To be more specific, consider the transformation of depth from eye coordinates

x_e, y_e, z_e, w_e

to window coordinates

x_w, y_w, z_w

with a perspective projection matrix specified by

glFrustum(l, r, b, t, n, f);

and assume the default viewport transform. The clip coordinates of z_c and w_c are

z_c = -z_e* (f+n)/(f-n) - w_e* 2*f*n/(f-n)

w_c = -z_e

Why the negations? OpenGL wants to present to the programmer a right-handed coordinate system before projection and left-handed coordinate system after projection.

and the ndc coordinate:

z_ndc = z_c / w_c = [ -z_e * (f+n)/(f-n) - w_e * 2*f*n/(f-n) ] / -z_e

= (f+n)/(f-n) + (w_e / z_e) * 2*f*n/(f-n)

The viewport transformation scales and offsets by the depth range (Assume it to be [0, 1]) and then scales by s = (2ⁿ-1) where n is the bit depth of the depth buffer:

z_w = s * [ (w_e / z_e) * f*n/(f-n) + 0.5 * (f+n)/(f-n) + 0.5 ]

Let's rearrange this equation to express z_e / w_e as a function of z_w

z_e / w_e = f*n/(f-n) / ((z_w / s) - 0.5 * (f+n)/(f-n) - 0.5)

= f * n / ((z_w / s) * (f-n) - 0.5 * (f+n) - 0.5 * (f-n))

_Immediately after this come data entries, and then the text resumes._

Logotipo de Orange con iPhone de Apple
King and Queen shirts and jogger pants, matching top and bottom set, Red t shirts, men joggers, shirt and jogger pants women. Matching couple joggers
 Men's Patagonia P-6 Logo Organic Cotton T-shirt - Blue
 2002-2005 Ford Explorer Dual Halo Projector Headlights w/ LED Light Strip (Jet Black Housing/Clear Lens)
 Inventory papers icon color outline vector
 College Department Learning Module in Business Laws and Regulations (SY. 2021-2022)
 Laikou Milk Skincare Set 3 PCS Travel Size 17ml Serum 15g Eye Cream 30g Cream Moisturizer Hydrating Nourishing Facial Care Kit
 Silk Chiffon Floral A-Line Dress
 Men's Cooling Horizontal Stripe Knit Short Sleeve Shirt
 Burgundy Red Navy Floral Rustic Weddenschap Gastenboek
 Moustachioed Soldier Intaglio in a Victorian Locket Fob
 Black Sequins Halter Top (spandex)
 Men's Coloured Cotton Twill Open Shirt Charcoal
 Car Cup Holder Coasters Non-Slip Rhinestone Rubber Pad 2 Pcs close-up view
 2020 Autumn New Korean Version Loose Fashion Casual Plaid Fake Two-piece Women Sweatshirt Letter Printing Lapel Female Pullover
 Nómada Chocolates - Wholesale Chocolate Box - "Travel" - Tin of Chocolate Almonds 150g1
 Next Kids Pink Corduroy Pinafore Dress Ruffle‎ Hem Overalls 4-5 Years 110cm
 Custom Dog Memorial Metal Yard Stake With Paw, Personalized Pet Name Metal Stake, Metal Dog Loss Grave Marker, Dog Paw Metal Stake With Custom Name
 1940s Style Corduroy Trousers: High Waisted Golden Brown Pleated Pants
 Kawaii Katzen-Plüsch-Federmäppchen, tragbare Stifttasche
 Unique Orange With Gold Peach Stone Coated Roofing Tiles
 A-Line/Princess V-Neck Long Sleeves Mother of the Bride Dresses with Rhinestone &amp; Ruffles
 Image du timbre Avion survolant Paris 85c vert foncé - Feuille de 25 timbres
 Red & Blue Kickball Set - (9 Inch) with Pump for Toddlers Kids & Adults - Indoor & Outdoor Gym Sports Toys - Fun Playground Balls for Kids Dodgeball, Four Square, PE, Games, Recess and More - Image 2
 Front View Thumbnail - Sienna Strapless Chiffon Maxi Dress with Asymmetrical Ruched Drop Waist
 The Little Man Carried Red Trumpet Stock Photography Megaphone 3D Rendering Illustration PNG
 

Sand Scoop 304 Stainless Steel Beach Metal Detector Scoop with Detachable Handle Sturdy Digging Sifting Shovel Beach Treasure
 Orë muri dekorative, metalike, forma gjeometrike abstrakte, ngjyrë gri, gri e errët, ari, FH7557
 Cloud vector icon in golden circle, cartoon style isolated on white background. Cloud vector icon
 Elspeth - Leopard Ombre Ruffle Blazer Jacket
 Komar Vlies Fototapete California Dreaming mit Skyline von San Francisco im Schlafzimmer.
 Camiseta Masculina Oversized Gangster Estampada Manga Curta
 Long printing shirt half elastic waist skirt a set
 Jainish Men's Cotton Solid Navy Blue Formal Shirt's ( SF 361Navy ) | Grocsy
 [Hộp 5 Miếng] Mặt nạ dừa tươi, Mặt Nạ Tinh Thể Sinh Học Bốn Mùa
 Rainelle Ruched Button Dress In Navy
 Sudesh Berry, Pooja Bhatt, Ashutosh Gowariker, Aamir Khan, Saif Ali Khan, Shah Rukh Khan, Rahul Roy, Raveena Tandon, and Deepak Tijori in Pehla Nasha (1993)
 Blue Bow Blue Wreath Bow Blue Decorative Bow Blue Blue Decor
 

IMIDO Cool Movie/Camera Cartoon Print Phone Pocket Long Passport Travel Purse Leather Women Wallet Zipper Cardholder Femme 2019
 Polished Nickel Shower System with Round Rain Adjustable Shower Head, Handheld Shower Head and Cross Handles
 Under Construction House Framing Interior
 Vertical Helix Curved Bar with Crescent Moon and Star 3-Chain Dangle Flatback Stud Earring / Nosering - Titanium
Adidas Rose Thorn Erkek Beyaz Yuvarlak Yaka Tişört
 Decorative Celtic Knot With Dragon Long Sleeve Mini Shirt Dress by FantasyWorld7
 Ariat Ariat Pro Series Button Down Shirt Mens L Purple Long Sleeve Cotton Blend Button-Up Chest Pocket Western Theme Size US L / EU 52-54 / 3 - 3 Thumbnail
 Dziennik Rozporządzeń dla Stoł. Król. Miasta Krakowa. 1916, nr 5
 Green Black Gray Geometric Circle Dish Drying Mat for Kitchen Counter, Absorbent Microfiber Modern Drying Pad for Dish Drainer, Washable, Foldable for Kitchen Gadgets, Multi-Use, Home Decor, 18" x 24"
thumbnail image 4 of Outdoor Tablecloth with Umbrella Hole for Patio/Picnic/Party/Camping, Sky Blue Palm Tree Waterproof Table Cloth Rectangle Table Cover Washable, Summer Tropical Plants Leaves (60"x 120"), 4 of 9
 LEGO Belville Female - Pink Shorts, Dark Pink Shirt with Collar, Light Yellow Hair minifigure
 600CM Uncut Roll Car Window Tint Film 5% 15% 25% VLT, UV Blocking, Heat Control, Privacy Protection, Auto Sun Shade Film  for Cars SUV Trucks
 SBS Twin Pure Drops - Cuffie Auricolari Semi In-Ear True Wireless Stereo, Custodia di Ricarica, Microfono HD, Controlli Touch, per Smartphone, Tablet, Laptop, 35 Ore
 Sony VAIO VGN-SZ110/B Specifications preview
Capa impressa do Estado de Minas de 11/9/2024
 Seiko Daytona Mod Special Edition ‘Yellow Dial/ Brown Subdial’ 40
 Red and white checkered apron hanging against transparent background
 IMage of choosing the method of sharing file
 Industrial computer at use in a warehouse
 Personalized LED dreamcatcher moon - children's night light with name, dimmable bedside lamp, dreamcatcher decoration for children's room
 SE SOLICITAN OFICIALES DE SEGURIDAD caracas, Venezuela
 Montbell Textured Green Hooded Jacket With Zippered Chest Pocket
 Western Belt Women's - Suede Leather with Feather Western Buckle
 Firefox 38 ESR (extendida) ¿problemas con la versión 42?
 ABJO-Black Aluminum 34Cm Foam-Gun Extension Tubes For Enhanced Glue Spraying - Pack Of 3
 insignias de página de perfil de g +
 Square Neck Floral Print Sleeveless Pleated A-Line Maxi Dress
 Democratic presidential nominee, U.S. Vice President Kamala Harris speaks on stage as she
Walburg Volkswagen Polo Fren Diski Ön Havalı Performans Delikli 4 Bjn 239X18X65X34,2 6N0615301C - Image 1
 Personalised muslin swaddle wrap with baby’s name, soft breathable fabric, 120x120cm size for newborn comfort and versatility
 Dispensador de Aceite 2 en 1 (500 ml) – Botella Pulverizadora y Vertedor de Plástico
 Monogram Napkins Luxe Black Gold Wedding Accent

= f * n / ((z_w / s) * (f-n) - f) [*]

Now let's look at two points, the zNear clipping plane and the zFarclipping plane:

z_w = 0 => z_e / w_e = f * n / (-f) = -n

z_w = s => z_e / w_e = f * n / ((f-n) - f) = -f

In a fixed-point depth buffer, z_w is quantized to integers. The next representable z buffer depth away from the clip planes are 1 and s-1:

z_w = 1 => z_e / w_e = f * n / ((1/s) * (f-n) - f)

z_w = s-1 => z_e / w_e = f * n / (((s-1)/s) * (f-n) - f)

Now let's plug in some numbers, for example, n = 0.01, f = 1000 and s = 65535 (i.e., a 16-bit depth buffer)

z_w = 1 => z_e / w_e = -0.01000015

z_w = s-1 => z_e / w_e = -395.90054

Think about this last line. Everything at eye coordinate depths from -395.9 to -1000 has to map into either 65534 or 65535 in the z buffer. Almost two thirds of the distance between the zNear andzFar clipping planes will have one of two z-buffer values!

To further analyze the z-buffer resolution, let's take the derivative of [*] with respect to z_w

d (z_e / w_e) / d z_w = - f * n * (f-n) * (1/s) / ((z_w / s) * (f-n) - f)²

Now evaluate it at z_w = s

d (z_e / w_e) / d z_w = - f * (f-n) * (1/s) / n

= - f * (f/n-1) / s [**]

If you want your depth buffer to be useful near the zFar clipping plane, you need to keep this value to less than the size of your objects in eye space (for most practical uses, world space).